How'd it go during the first defensive meeting? LB Preston Brown said the font on your PowerPoint was a little small …

"(Laughs)."

He said they went to their iPads, but he said it was good except for the font …

"It's good that they recognized that."

How was it for you?

"It's fun. On Monday night, I was scripting their personnel and things at home. Once I got out of here, which was really late — around the time the (Monday Night Football) game was finishing up, so we know what time that was (laughs). I'm carving out five minutes everywhere I can to look forward at things. That's the fun of it, and it's part of what I used to do."

Is it easy to go back and do something like that?

"It's fun — I'll tell you that. It's exciting for me, and I believe in our players. I want our players to play well, and I'm going to give them every chance they can."

How different will your game day preparation be? Game day will be different for you, won't it?

"Yeah, it is (laughs). I have an office there (at M&T Bank Stadium) now. I never used to have an office there (as a defensive coordinator with Baltimore). I had a hallway over there before at the new stadium. But it's different. Game day will be different for me. It will be a different approach, and it'll be fun."

It's fitting that your first game taking over defensive coordinator responsibilities comes in Baltimore …

"They buried me last year there (laughs), so we'll try again."

It's not an easy week of preparation, considering you're trying to figure out which quarterback will play for the Ravens …
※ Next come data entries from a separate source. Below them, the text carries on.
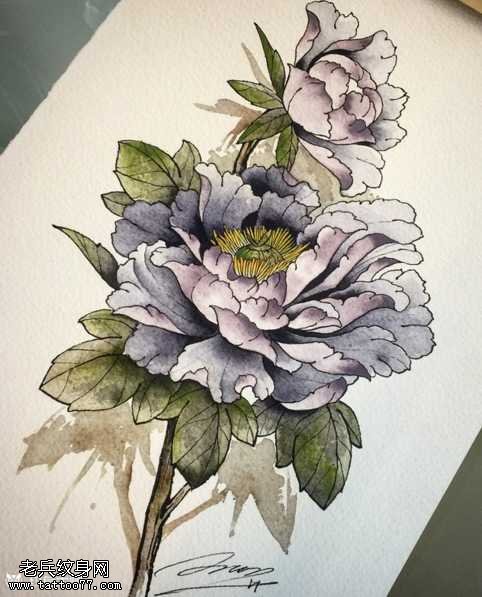 手稿富贵牡丹纹身图案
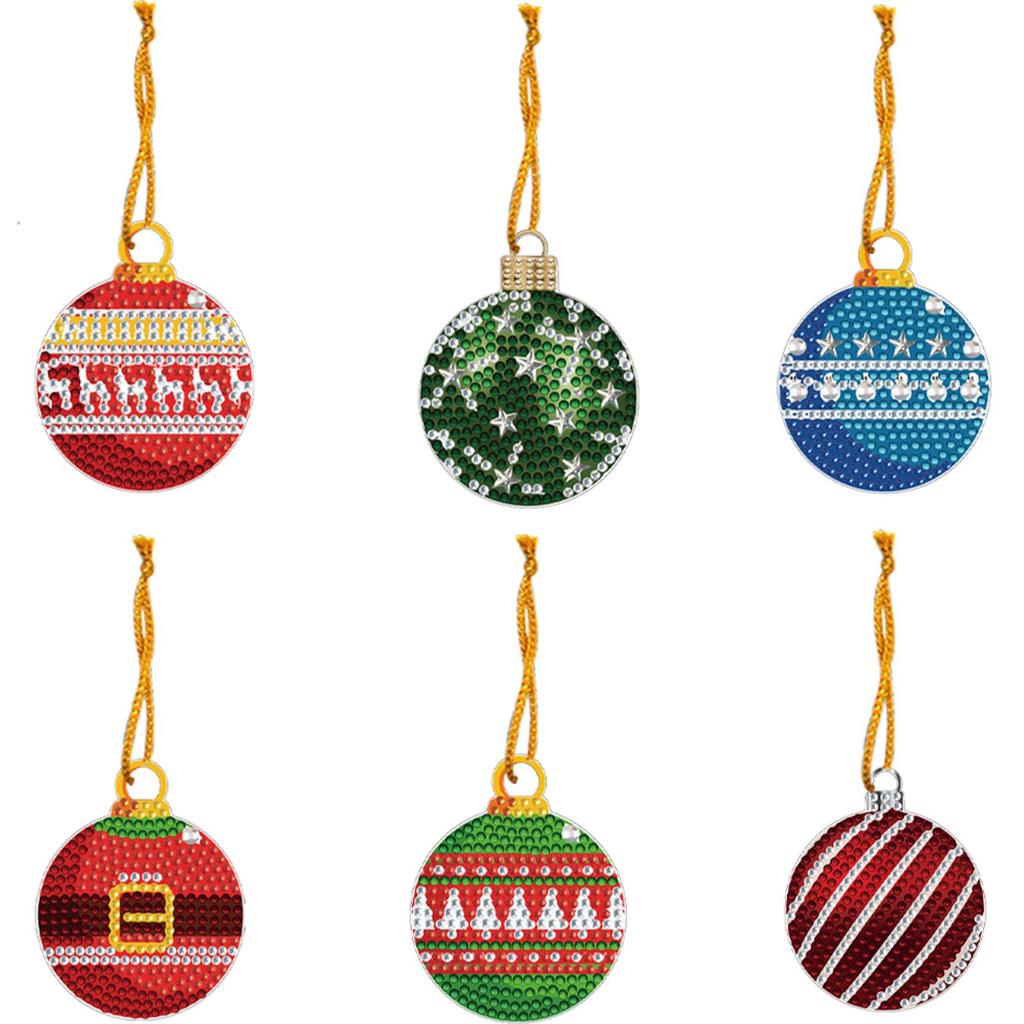 Xmas Theme 2D/Flat DIY Hanging Diamond Art Kits Diamond Painting Set Crystal Christmas Tree Pendant DIY Home Decor Hanging Charm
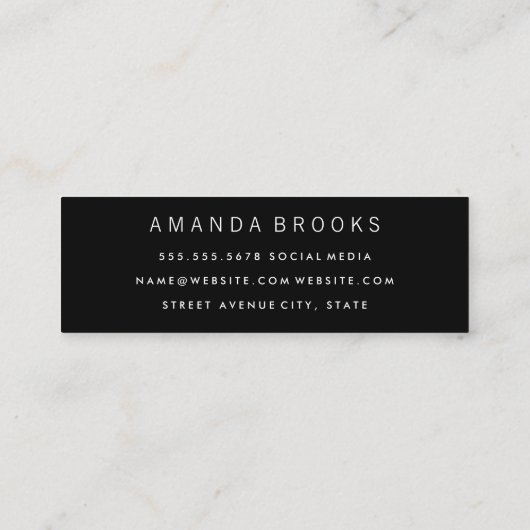 ミニマリストシック文字イエローブレンド背景 スキニー名刺 (裏面)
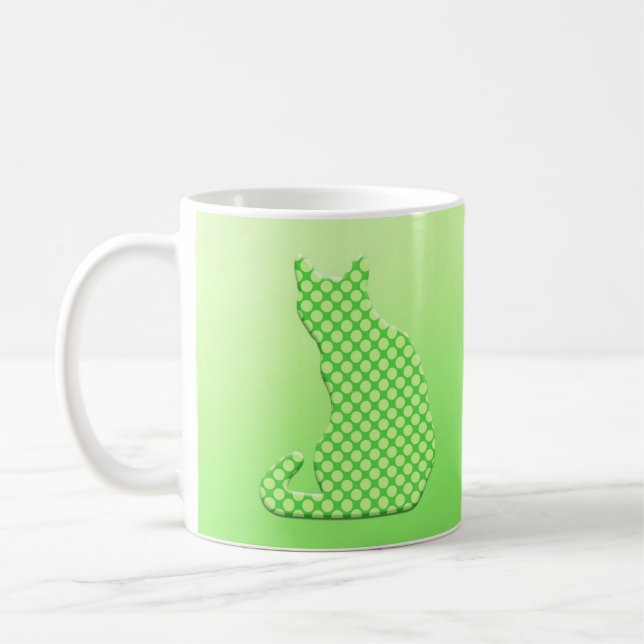 Den Dotty katten - skuggar av limefruktgrönt Kaffemugg (Vänster)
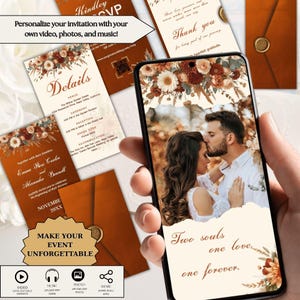 May include: A smartphone displays a wedding photo with text "Two souls, one love, one forever." Wedding invitation cards with floral designs and details are in the background. The text "Make your event unforgettable" is also visible.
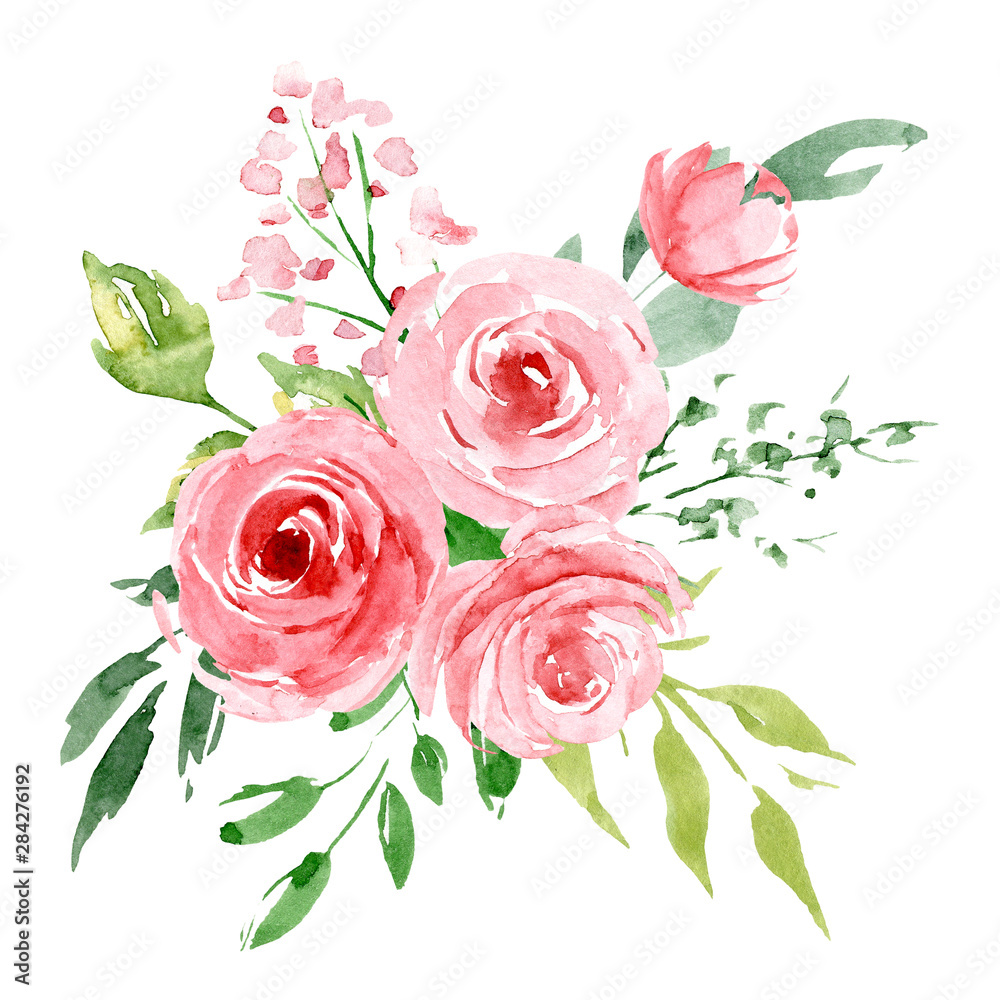 Watercolor flowers, pink roses. Floral bouquet clip art. Perfectly for ...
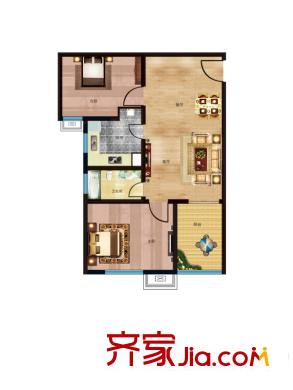 宏瑞國際星城3#樓標準層戶型圖 2室2廳1衛(wèi)1廚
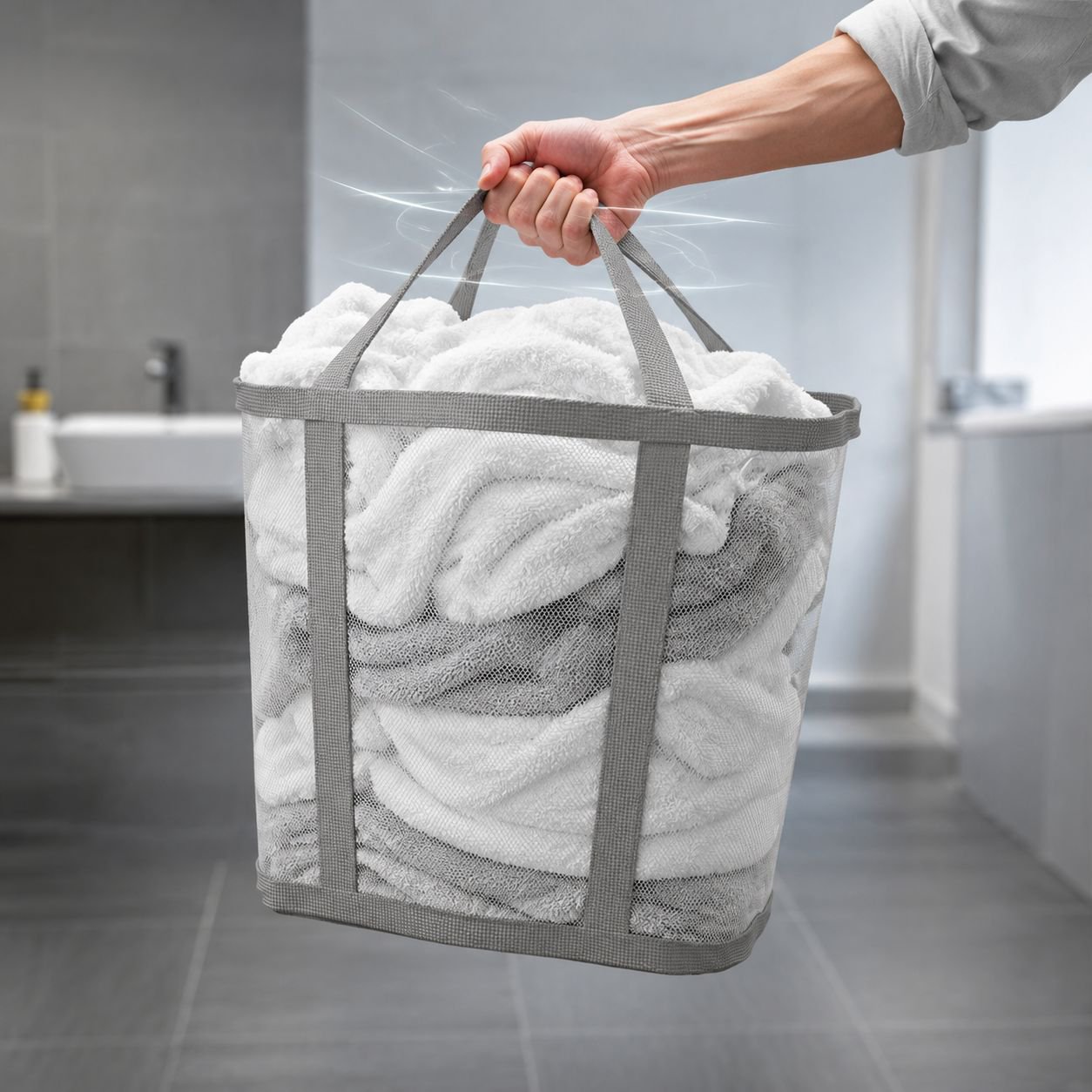 Grand panier à linge mural pliable pour salle de bain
"Joe Flacco, as we know, is an outstanding quarterback. And Lamar (Jackson) is going to be a good, young player in the NFL. We spent a lot of time with Lamar (before the draft), but right now it's about us, and that's important."

There's a reason why a lot of head coaches don't try calling defensive plays — it's hard. Is that strictly because of the hours spent trying to juggle both the head coach and coordinator positions?

 "Again, there's a lot."

Is there anything that's surprised you about what it's like, compared to the last time you did this?

"It's back to setting up the call sheet and all of those things. I've suggested things (to other coaches), and people would ask (for my opinion), but now it's mine again. It was the first thing I looked at this morning."

The call sheet?

"Well, how I want to set things up. That's part of the game day (responsibilities)."

People say that the game has changed. But it's also not like you've been in a cage somewhere …

 "I don't know how much it's changed."

Do you draw upon the things that were successful for you when you were previously a defensive coordinator?

"We're not reverting back to 2002, the last time I did this. I've been involved throughout (my times as a head coach), and I study everybody throughout the league and throughout the season, even when we aren't playing them. You're looking at those things. So don't worry about that part, I've got it (laughs)."